According to the Times, Bush signed a presidential order in 2002 allowing the National Security Agency to monitor without a warrant the international (and sometimes domestic) telephone calls and e-mail messages of hundreds or thousands of citizens and legal residents inside the United States. The program eventually came to include some purely internal controls - but no requirement that warrants be obtained from the Foreign Intelligence Surveillance Court as the 4th Amendment to the Constitution and the foreign intelligence surveillance laws require.

In other words, no independent review or judicial oversight.

That kind of surveillance is illegal. Period.

The day after this shocking abuse of power became public, President Bush admitted that he had authorized it, but argued that he had the authority to do so. But the law governing government eavesdropping on American citizens is well-established and crystal clear. President Bush's claim that he is not bound by that law is simply astounding. It is a Presidential power grab that poses a challenge in the deepest sense to the integrity of the American system of government - the separation of powers between the legislative and executive branches, the concept of checks and balances on executive power, the notion that the president is subject to the law like everyone else, and the general respect for the "rule of law" on which our democratic system depends.

http://www.aclu.org/privacy/spying/23279res20051229.html


And yet, you can provide no example of where this so-called illegal wiretapping is used. I love how in parenthesis you have (AND SOMETIMES DOMESTIC). When that happens the Democratic Congress will go nuts, issue impeachment hearings, but the fact is, NO LAW has been broken. There would be inditements out the wood work with the Democratic majority. And yet there have been, NOT ONE dedicated to this issue. And, even more hilarious, the DEMOCRATIC CONGRESS approved the continuing and furthering of the survelience program.

All that is happening is the monitoring of NON-US CITIZEN communications with US citizens that they have some reason to suspect with reasonable doubt.

What are you scared of?

Funny thing is, you would probably have no problem should the government make private weapons illegal to own. Thing is, you probably support universal healthcare as well, you would allow the US government to have our health records in their hands, control our health and lives.

no photo
Tue 01/29/08 04:43 PM



i suppose a judge ruleing that america tortures and violates the geneva convention has no bearing on reality for you. go view the photos I linked and tell me if that is torture and tell me it isnt with a straight fact


She is one judge, who has made a political judgement that has no real weight, well besides with people like you, the 9/11 truther crowd.
well I suggest you go look up the geneva conventions and get an education then you could at least form an honest opinion..........TORTURE IS A VIOLATION OFTHE GENEVA CONVENTIONS END OF STORY.... we hung nazis at Nuremburg for such attrocaties...remember back when america was the good guy? wow I feel like i am talking to a nazi collaboratornoway


So, talking to loud to a detainee, that's torture too right?
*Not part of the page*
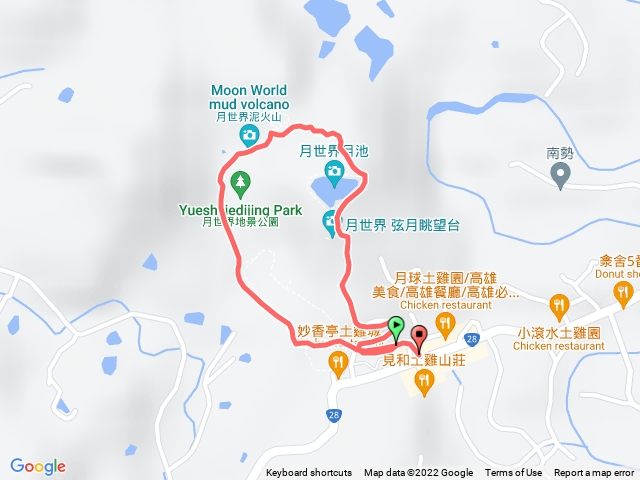 高雄田寮月世界步道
Loud speech can scare a detainee and thus be torture. Wouldn't it be torture to not let someone watch their favorite TV show too? lol, anything can be torture in the Geneva Convention.
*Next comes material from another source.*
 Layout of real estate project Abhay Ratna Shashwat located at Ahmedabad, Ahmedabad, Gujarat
I sneezed in your face, welp, that's torture, that's BIOLOGICAL WARFARE TORTURE! lol

madisonman's photo
Tue 01/29/08 05:03 PM
Its realy sad that you take human rights so lightly. pathetic even. It shames me you are an AMERICAN

no photo
Tue 01/29/08 05:13 PM

Its realy sad that you take human rights so lightly. pathetic even. It shames me you are an AMERICAN


That is a weak smear. I just pointed out to you, incredibly simply, what torture is considered by the Geneva Convention and you mock me.

What is the beginning to torture to you? According to the Geneva Convention, any aggressive form of interrogation as deemed by the detainee is torture. The Geneva Convention is incredibly flawed and if you were a wise man you'd know that.
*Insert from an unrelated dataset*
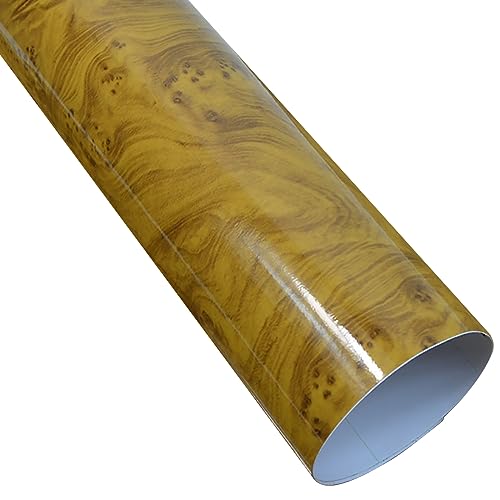 1 Stück Hochglanz-Vinylfolie mit Holzmaserung – Auto-Innenraumfolienaufkleber for die DIY-Dekoration von Autos und Möbeln(Figure-L05) von RenCehn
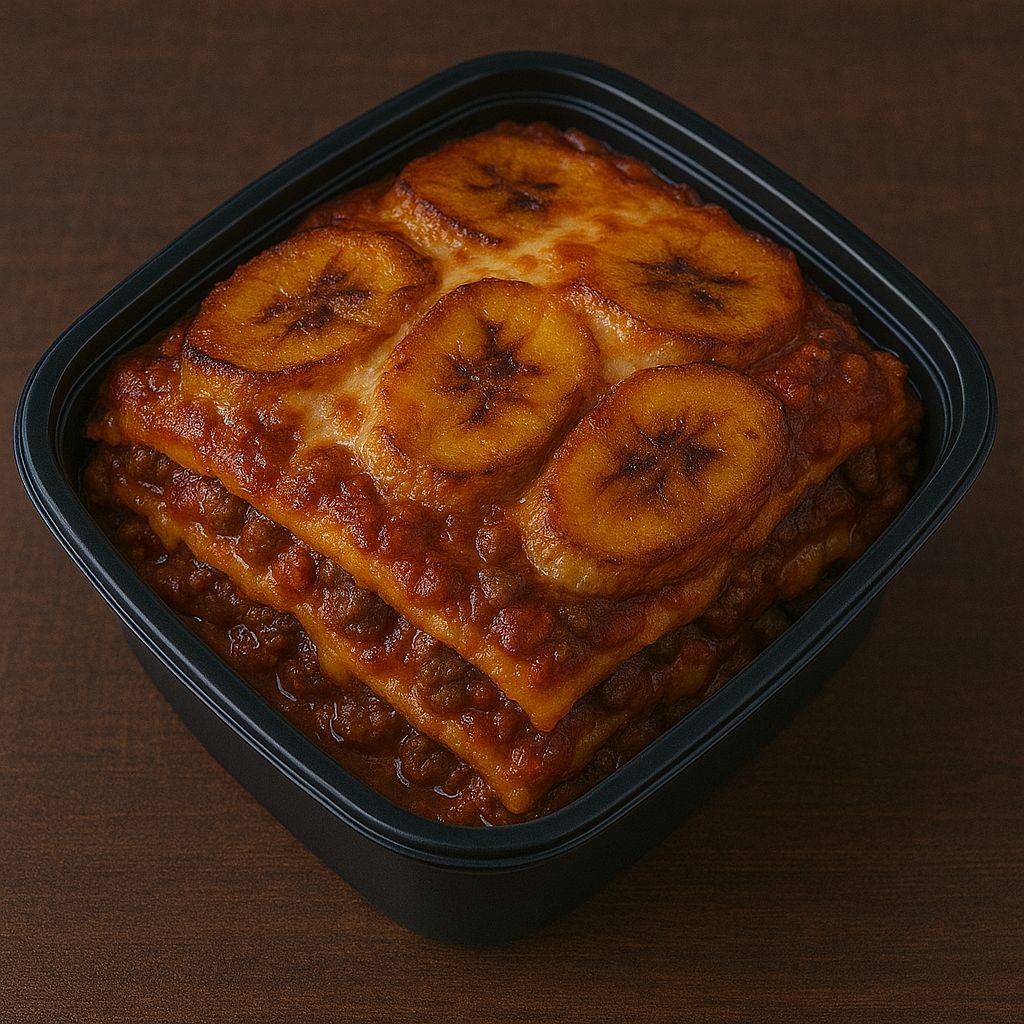 LASAÑA DE PLATANO AMARILLO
Actually, according to the Geneva Convention, keeping a detainee in an enclosed cell, cut off from other humans and freedom, is torture.

To me, sleep deprivation, loud music, bright lights, aggressive yelling and verbal battering, are not torture. However, according to the Geneva Convention that can be considered torture.

I even support waterboarding. Caused Khalid Sheik Mohammed to break who then gave us a treasure worth of information that prevented at least two planned terrorist attacks and surely gave us so many names.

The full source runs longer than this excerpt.